The interesting fact is that both the monitor and the video card works perfectly in other configurations.
And there's more: the image appears instantly (before the 10 min. limit) if I start the ATI TV application.
Nobody could explain this behavior yet....
Can you?


----------



## TiGa TacTics (Dec 30, 2003)

Lorand said:
			
		

> Hi everybody!
> 
> I'm experiencing a weird problem with a Flatron 795FT monitor and a Hercules 3D Prophet All-In-Wonder 9000 Pro video card: at cold start there is no image on the monitor for the first approx 10 min, only on TV-out. Sometimes in this interval on the monitor appears the "frequency out of range" message. But after 10 minutes the image appears and it's perfect and stable. Even after a restart the image is ok. But after a few hours after a shut-down I have to wait another 10 minutes after boot for the image to appear.
> The interesting fact is that both the monitor and the video card works perfectly in other configurations.
> ...



I have had the same problem with my monitor same model. I had them replace my monitor....works great.


----------



## Lorand (Jan 4, 2004)

But I love my monitor. It works great: the focus is perfect, the image is very stable and even calibrated professional monitors can not display such true colors as my Flatron does (working in DTP this thing is crucial for me). So there is no way to change my monitor and I'm waiting for another solution to this problem.
Recently I noticed that the horizontal frequency of the videocard's signal is not constant during the boot. Initially the HF is very high (thus "out of frequency") and slowly decreases until the image appears. Then it remains constant until power-off.


----------



## Rick G (Feb 3, 2004)

Sounds like you may have an intermitant break in your circuitry, after it heats up the connections make contact anf away you go.  Probably on the graphics side (digital) of the board that would not affect the TV part (analog)


----------



## Lorand (Feb 3, 2004)

Rick G said:
			
		

> Sounds like you may have an intermitant break in your circuitry, after it heats up the connections make contact anf away you go.  Probably on the graphics side (digital) of the board that would not affect the TV part (analog)

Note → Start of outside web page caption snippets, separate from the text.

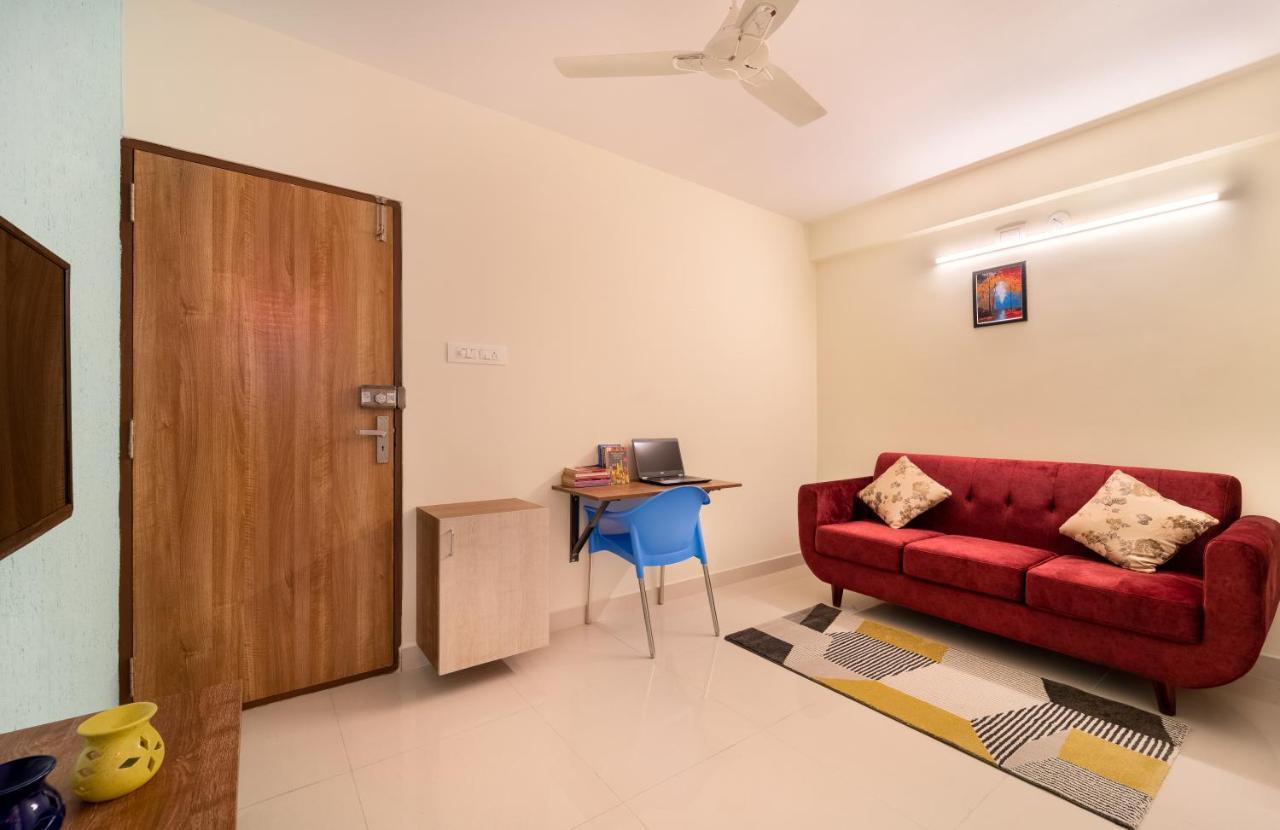 Covie Bannergatta 141 Hostel Bengaluru Kültér fotó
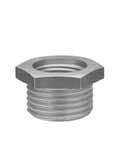 For tubing For pipes External Unit Price inside Ø outside Ø thread inch piece Euro Accessories: Double nipple, fitted with identical G-external thread (cylindrical) and internal cone (37 ) on both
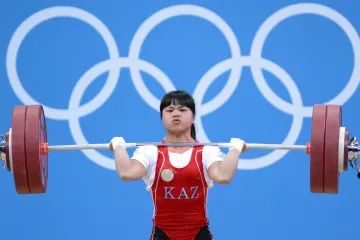 Zulfija Činšanlová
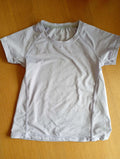 t shirt træning 5-6 år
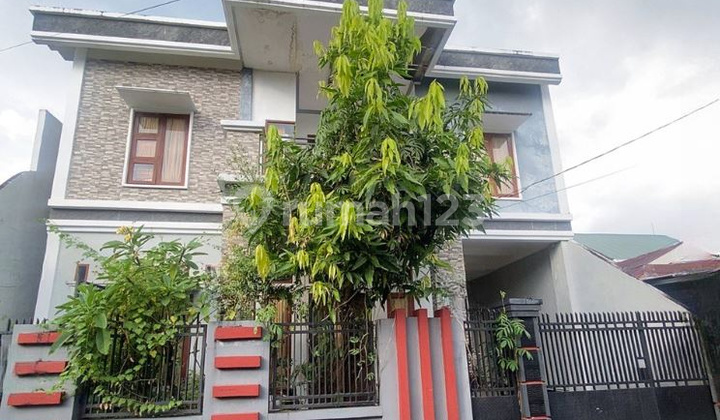 Dijual Rumah Makassar Sekitar Jalan Perintis Kemerdekaan 1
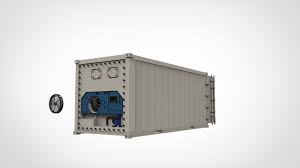 RF Container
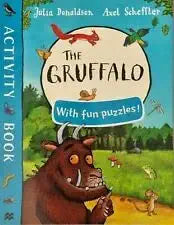 The Gruffalo cover image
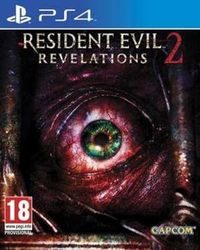 Resident Evil 2: Revelations (Ps4)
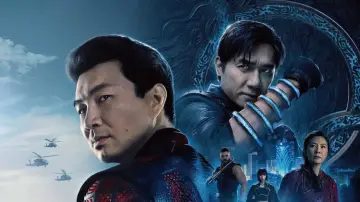 Zasłona do filmu "Shang-Chi i legenda dziesięciu pierścieni" #206983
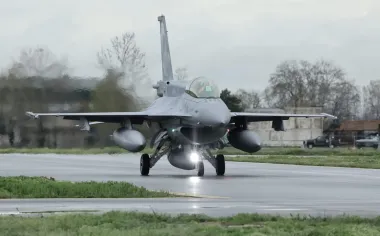 В Болгарии вышли из строя истребители F-16 новейшей модификации: что произошло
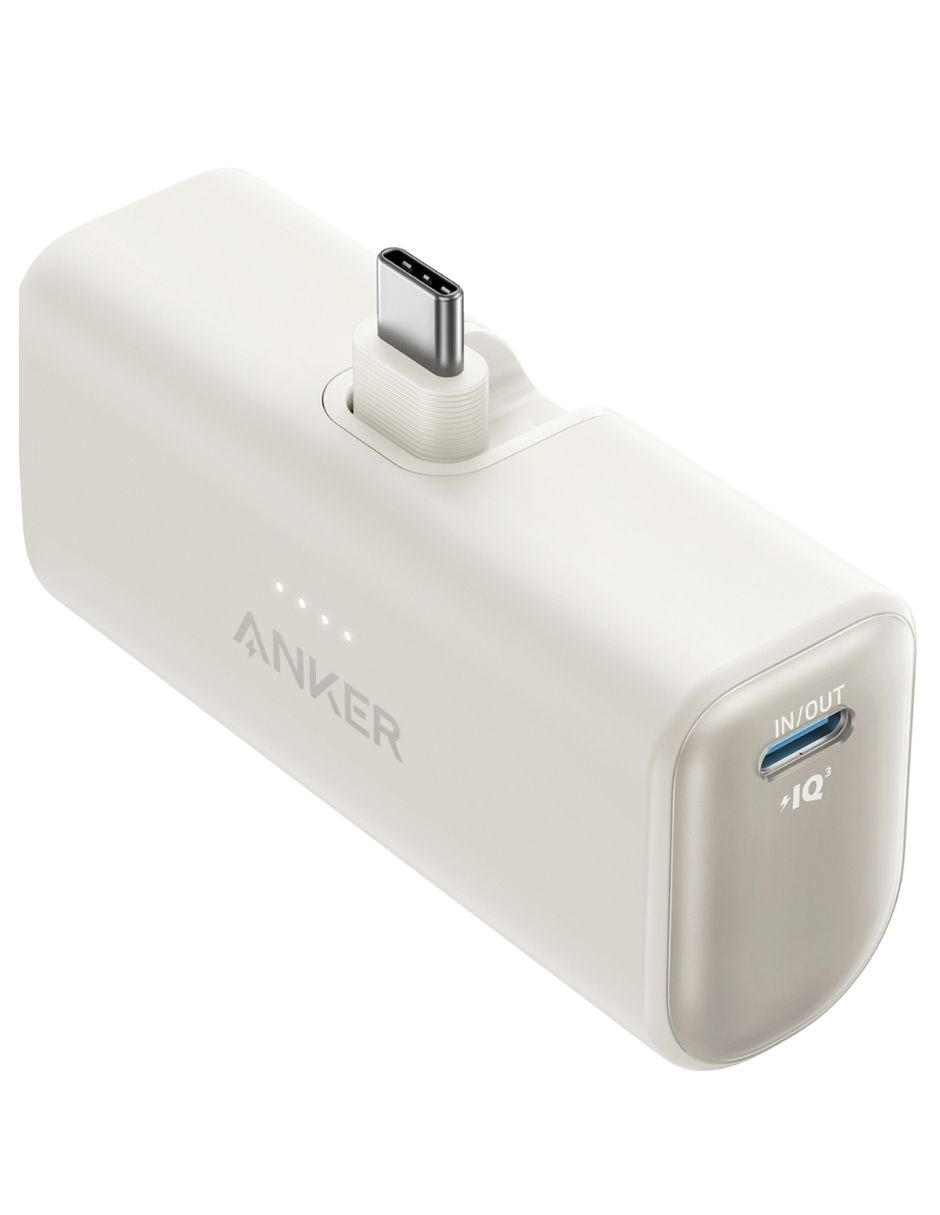 Batería portátil 5000 mAh Nano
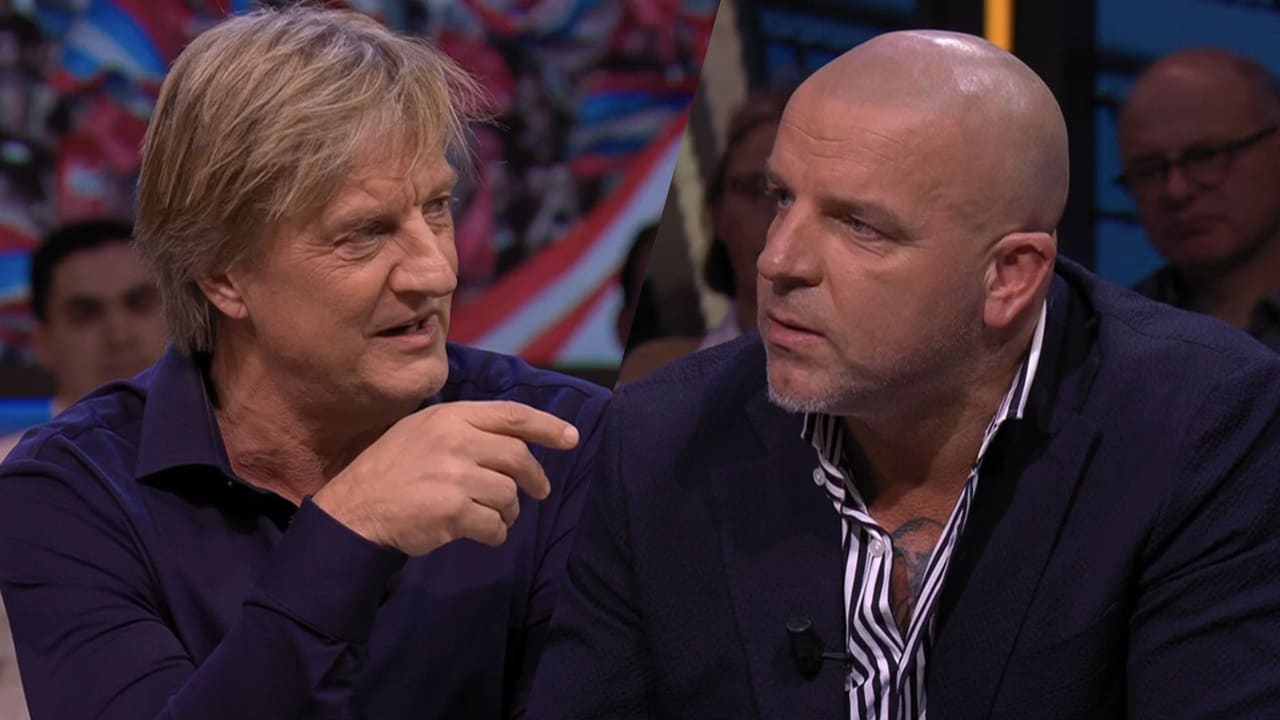 Veronica Offside-tafel raakt het niet eens over Luuk de Jong: ‘Een goede spits, maar…’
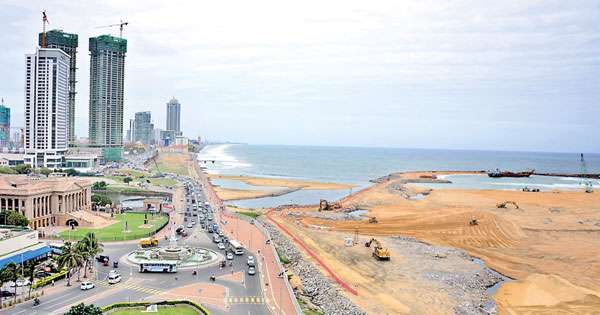 කොළඹ වෙරළ තීරයේ ගොඩනැගිලි 19ක් ඉවත් කරයි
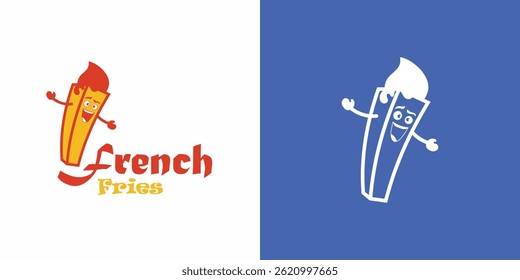food logo Template design element with modern concept.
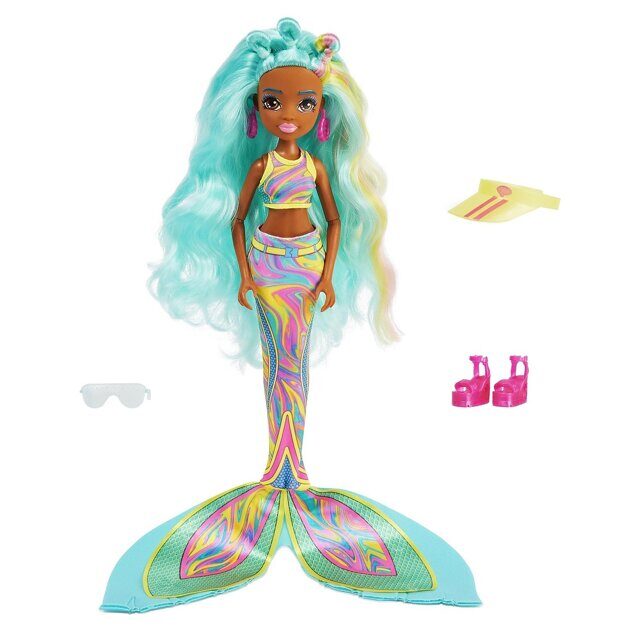 Кукла русалка Mermaid High Океана 6063471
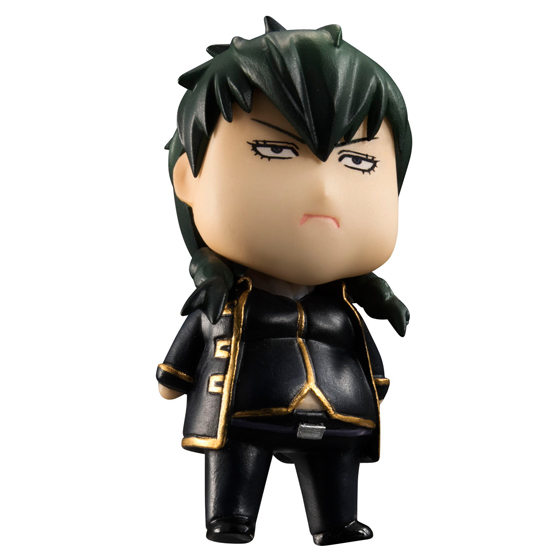 Gintama° - Ginko - Hijikata X-ko - G.E.M. - 1/8 (MegaHouse) photo 7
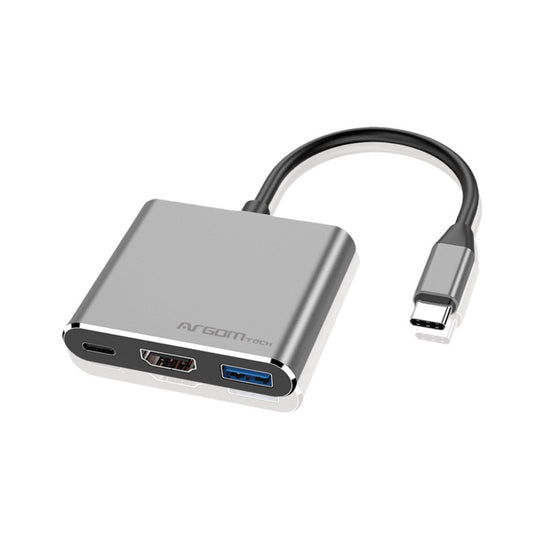  Adaptador USB C a HDMI para teléfono a TV, Hub Android,  adaptador multipuerto USB-C digital AV, convertidor tipo C a HDMI a adaptador  de teléfono para TV Thunderbolt 3 a HDMI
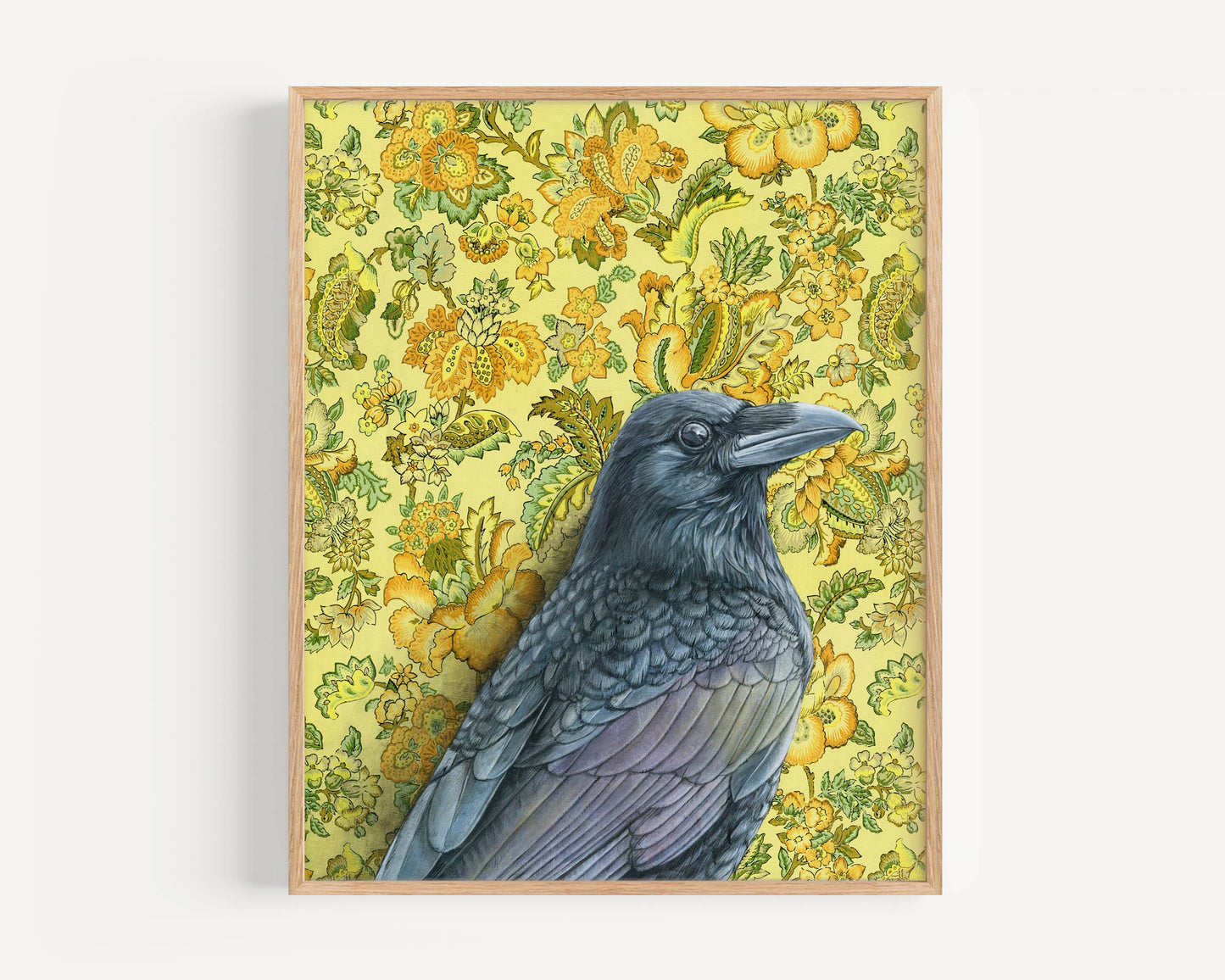 Raven Fine Art Print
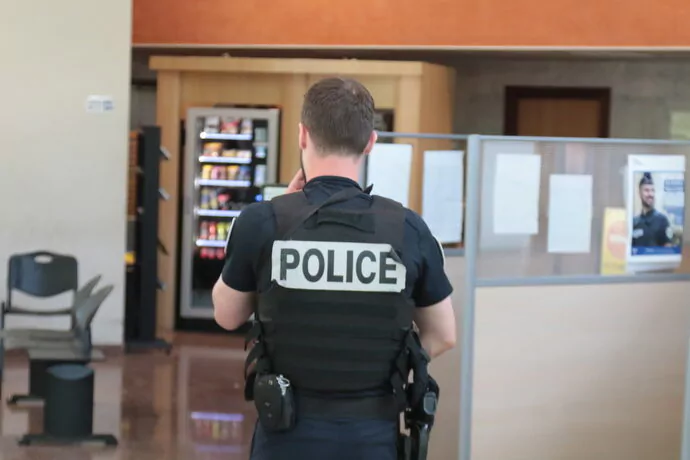 Les policiers d&rsquo;Alliance appellent à une manifestation publique samedi 31 janvier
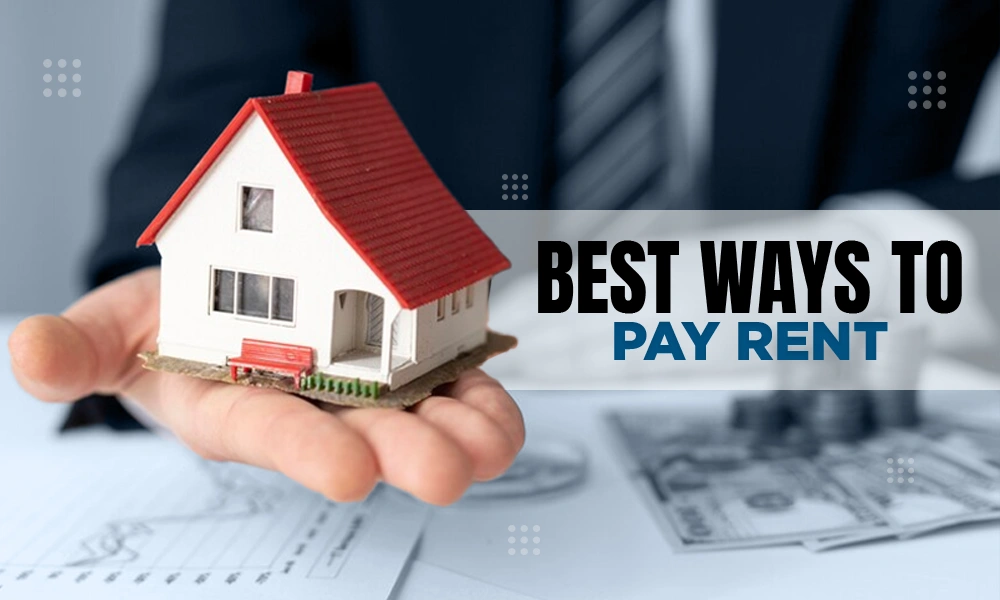 best ways to pay rent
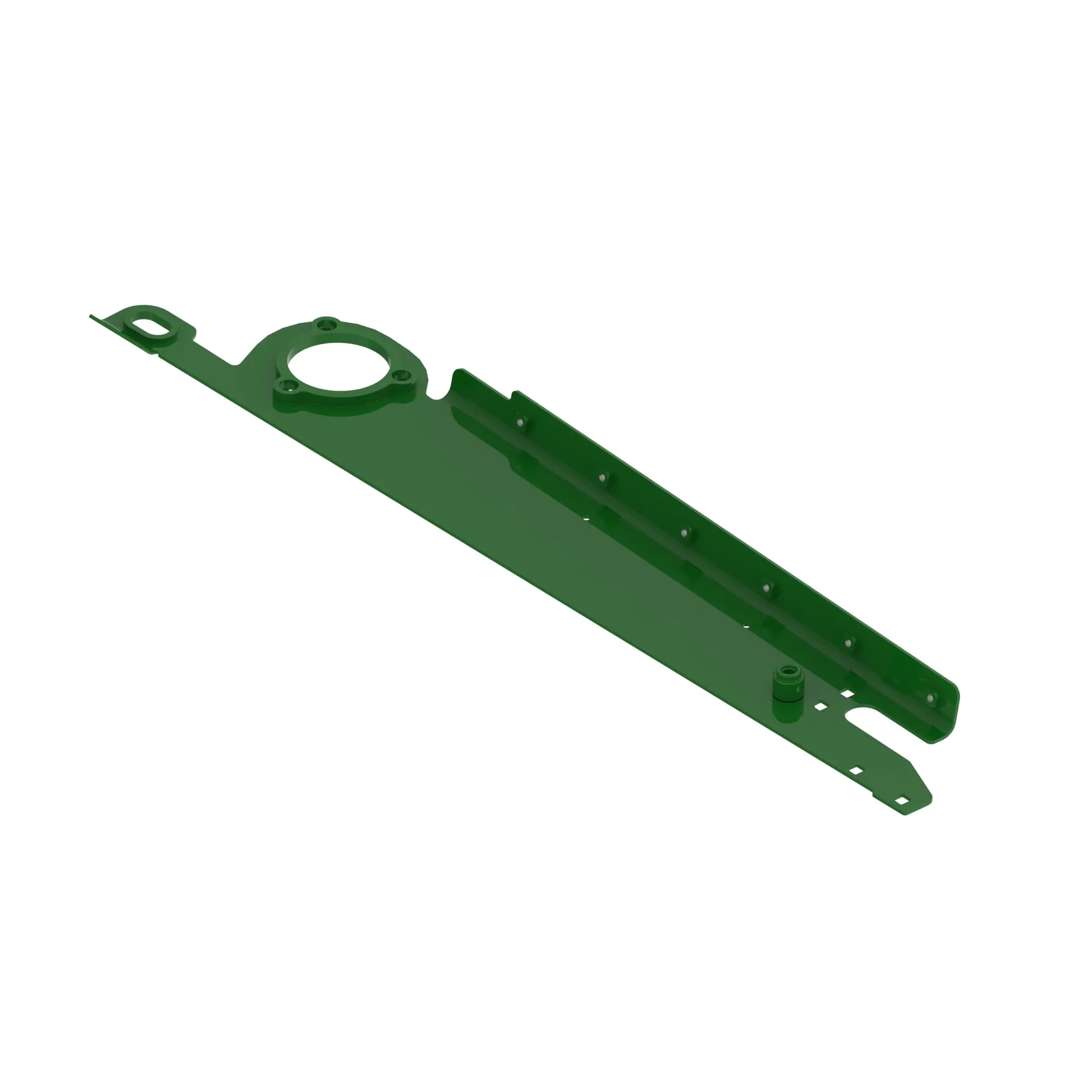 BRACKET, BRACKET, RH TENSION FRAME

It's not so simple. The card works fine with other monitors, so there is no circuitry break in the video card. And if I turn off the monitor after the first 10 minutes (after the image appears on it) and let it cool down for several hours, when turned back on the image appears instantly. So there is no circuitry break in the monitor either.
I noticed that the card signal's horizontal frequency at the startup is very high (above 100 kHz) and than decreases until it reaches approx. 92 kHz. This is the moment the image appears. Once I tested this card with an ancient no-name 14" monitor. That monitor definitely could not support that horizontal frequency. But the image appeared instantly at the startup. 
It's almost unbelievable...


----------



## Rick G (Feb 3, 2004)

you might try setting your refresh rates downwards to about 65hz and see if it makes a difference. If your refresh rates are 100 and 92, thats too high.  I set mine at 75 to 85.


----------



## Lorand (Feb 3, 2004)

I already tried to change the refresh rates and resolution but with absolutely no results.
I forgot to mention that at cold start even the BIOS POST messages doesn't appear on the monitor. But during the boot-up the resolution is standard VGA and the refresh rate is 50 Hz -- so there is no refresh rate issue in this case.
After waiting the bloody 10 minutes for image to appear on monitor and then restarting the computer the BIOS messages appear as well.
Is there some paranormal activity in my computer?!


----------



## Rick G (Feb 4, 2004)

Please post your entire system so better suggestions can be made, you could have something as funky as a weak power supply. See my sig to see what you should post to get better answers. the more info the better.


----------



## Lorand (Feb 4, 2004)

My system is:

Matsonic MS8137C+
Athlon XP 2000+
512 MB
Hercules 3D Prophet All-in-Wonder 9000 Pro
HDD Maxtor 6E030L0
LG CD-RW CED-8080B
Pioneer DVD-115F
FDD Sony
Miditower 350W

Another interesting fact is that before upgraded to Hercules video card the system was the same with an ATI All-in-Wonder Pro and there was no such problems: the image appeared instantly at boot-up.
I still have the old card and if I plug in that card instead of Hercules, there are no image-problems. If I use another monitor with my system everything is ok. So there must be an incompatibility between the Hercules card and the Flatron 795FT...


----------



## Rick G (Feb 5, 2004)

It sound to me that you are at the ragged edge of power with your system and the new vid card pushes the limit a bit too far.  350 Watt psu,s especially the "included" or generic types are notorious for stating Peak watts instead on substained wattage.  I would try a new highe power psu and see if it makes your problem go away, I think it will. Watch you temps too with that Athelon.  If you do not have a monitor for temps, download SiSandra from their site or download.com and it will go through your entire system and give you an idea whats going on, incl temps and its free or try cpu-z at cpuid site.
Rick G


----------



## Lorand (Feb 6, 2004)

I don't think that the power supply could be the source of the problem because the computer works great with other monitors. I tested it with a Samsung Syncmaster 753S which has a supported horizontal frequency of max. 70 kHz and everything is ok. Only with my Flatron the video card signal's horizontal frequency exceeds 100 kHz.
It's more credible that at boot-up the video card reads erroneously the monitor's EDID via DDC and applies frequencies that are not supported. But according to the Hercules technical support this isn't suppose to happen.
One more issue that I forgot to mention: if there is no OS installed (thus no drivers) the image never appears on my monitor (I repeat: this happens only with Flatron 795FT!). During install there is image only on TV-out, but after the ATI drivers are installed the image appears on the monitor too...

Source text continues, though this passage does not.